A pesquisa do International IDEA não revela nenhum caminho fácil para desenvolver um partido e políticas programáticas. Mas há várias lições que as organizações podem manter em mente para servirem melhor aos seus cidadãos. Primeiro, devem começar com os “frutos nos galhos mais baixos” – se concentrar em setores, políticas e bens para os quais o aparato estatal está melhor preparado no momento. É preciso encontrar quais seções do governo têm a maior capacidade de entregar bens e serviços, Quais ministérios e secretarias têm a estrutura mais competente? Quais setores recebem mais verbas? A entrega bem-sucedida e rápida de serviços reforça a confiança dos cidadãos na capacidade do governo para cumprir com seus programas.
 
Os partidos também devem se esforçar para desenvolver plataformas e “marcas” em torno de áreas políticas significativas para os eleitores. Devem enfatizar posicionamentos que sejam distintos em relação aos concorrentes, e comunicar esses posicionamentos de forma coerente com a ideologia em todos os níveis da organização.
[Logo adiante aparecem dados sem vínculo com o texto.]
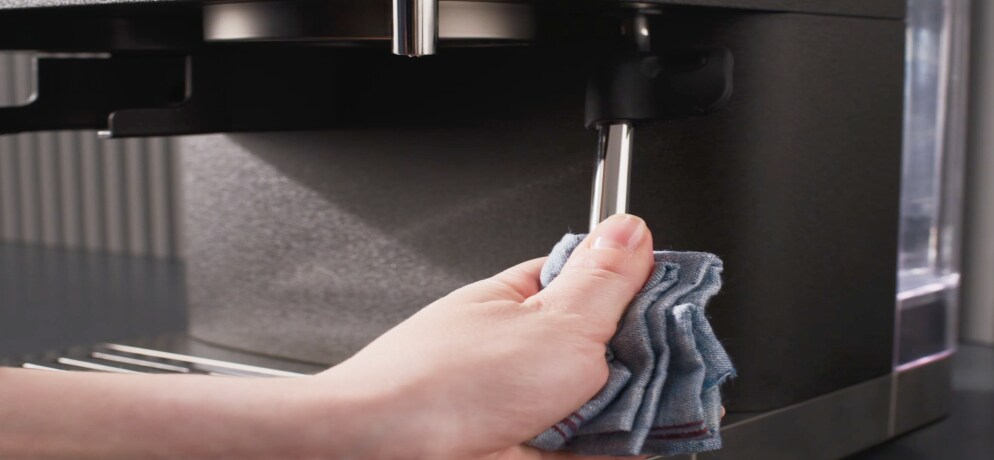 Person cleaning espresso machine steam wand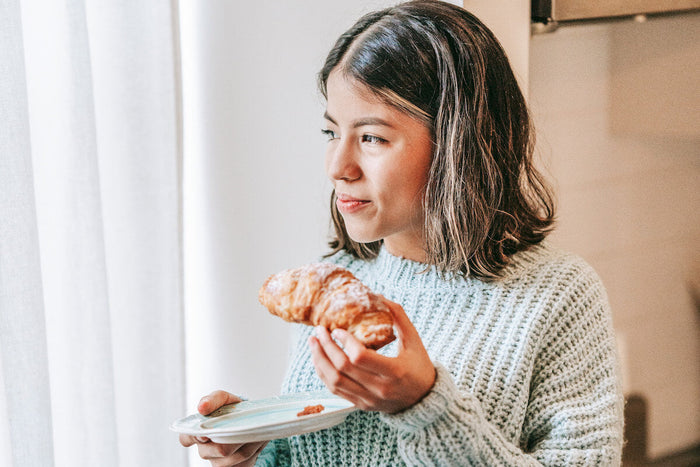 Women using phone to calculate macros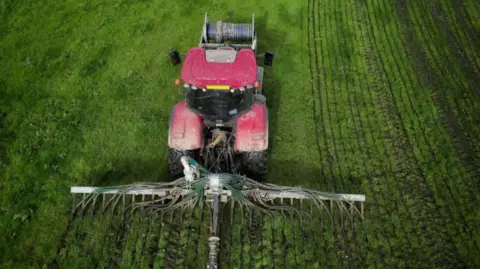 BBC A tractor spreading slurry in a field 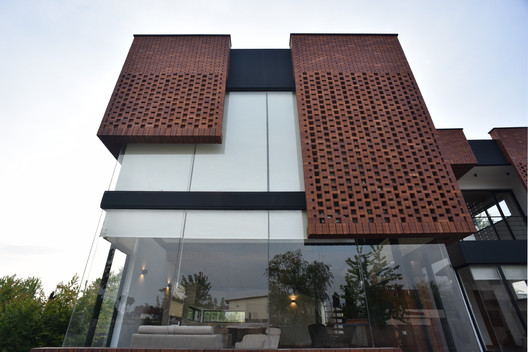 Maziar Brick House / Naghshe Khak Architectural Group - Windows, Lighting, Facade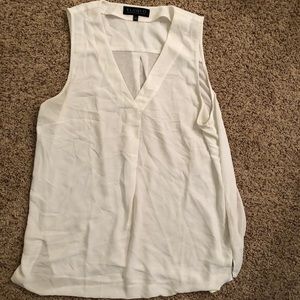 White sleeveless blouse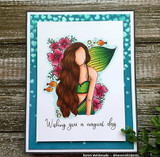 Card with the mermaid framed by pink florals on a teal heart panel, 'wishing you a magical day.'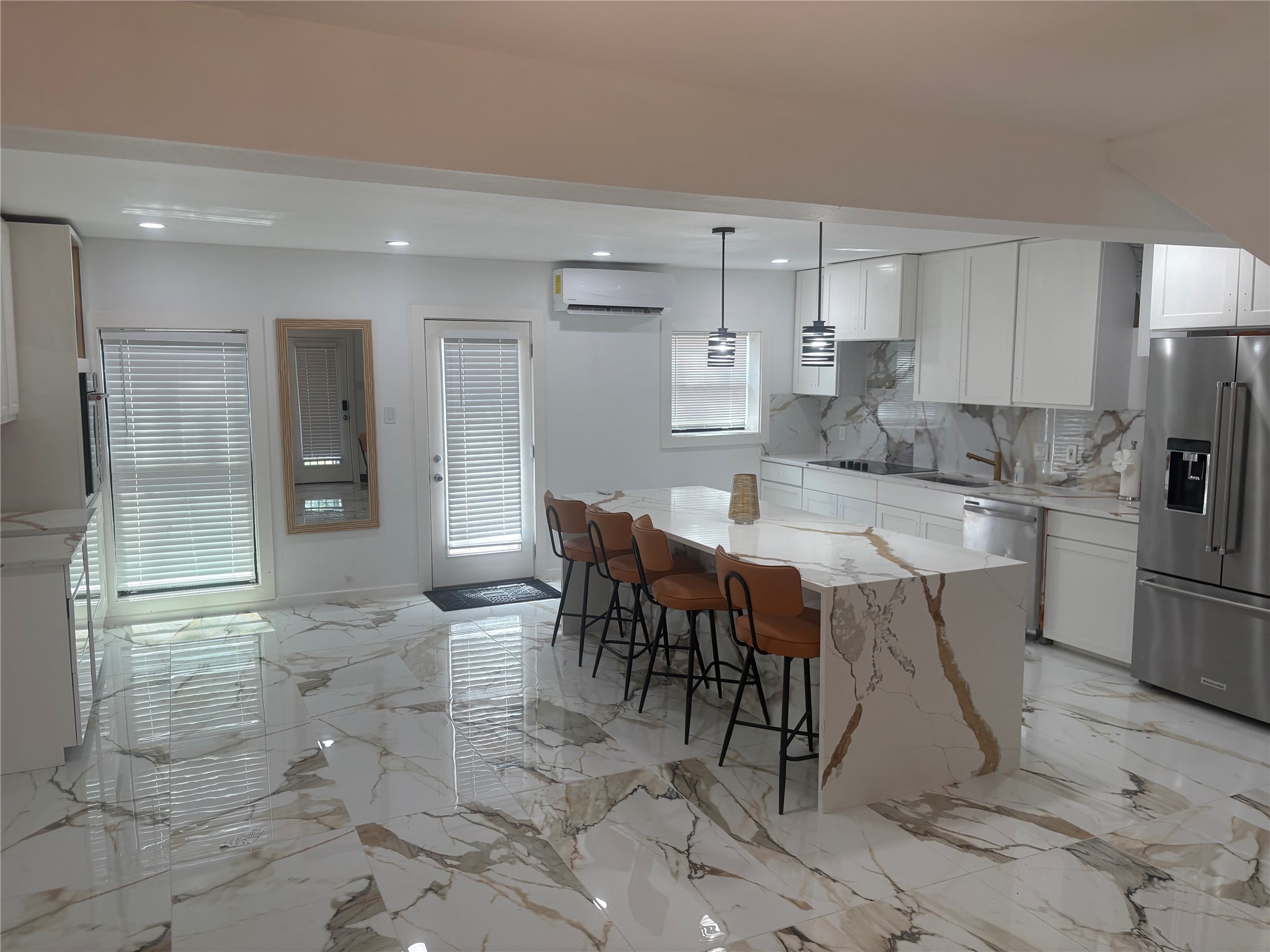 1820 North MacGregor Way Houston, TX 77023 - Photo 16 of 35 a large kitchen with kitchen island a table and chairs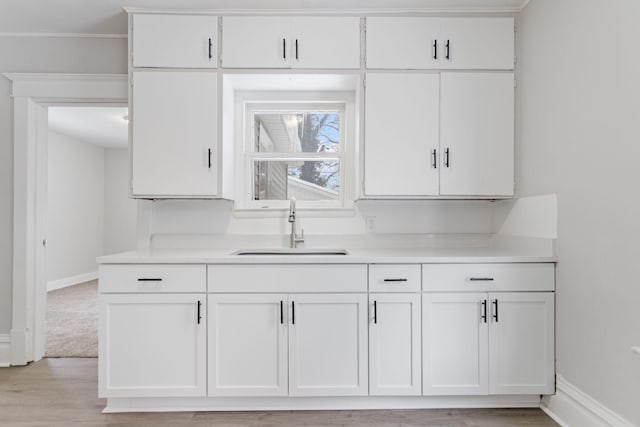 kitchen with white cabinets, light hardwood / wood-style flooring, and sink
Outro aspecto importante é o desenvolvimento de alianças com representantes da sociedade civil e movimentos sociais associados às causas defendidas pelo partido, e também com membros do Judiciário.
 
Esses laços constroem a credibilidade do partido e sua capacidade de concretizar as mudanças necessárias. Também é crucial que os líderes dos partidos engagem membros em níveis mais locais para os debates internos, esse tipo de mobilização pode atrair mais mebros politicamente motivados. Essa comunicação é cada vez mais viável pelas plataformas eletrônicas como o projeto GPS Politico, no Peru.
 
Em caso de declínio econômico, alianças em todos os níveis de governo podem ajudar um partido a responder depressa e de forma repsonsável. Nessas situações, os grupos devem se concentrar em elaborar e anunciar plataformas anti-crise que estabeleçam equilíbrio entre respostas de curto e longo prazo. Para assuntos econômicos ou não, os organizadores dos partidos podem colaborar com setores civis ligados às questões relevantes, como movimentos sociais ou grupos de interesse.
 
Todos esses esforços devem vir acompanhados de compromisso com a transparência nas finanças do partido para reduzir o risco de perder influência na formulação de políticas. As instituições partidárias devem angariar e exibir essa transparência se valendo das novas tecnologias para financiamento coletivo, rastreio e comunicações.

Reformistas em potencial devem se sentir encorajados pela pesquisa da International IDEA, que mostra que partidos podem promover desenvolvimento, mesmo sob circunstâncias aparentemente adversas. Essas experiências relatadas em países variados podem guiar organizações políticas na elaboração de seus próprios mapas para democracias mais fortes e desenvolvimento sustentável.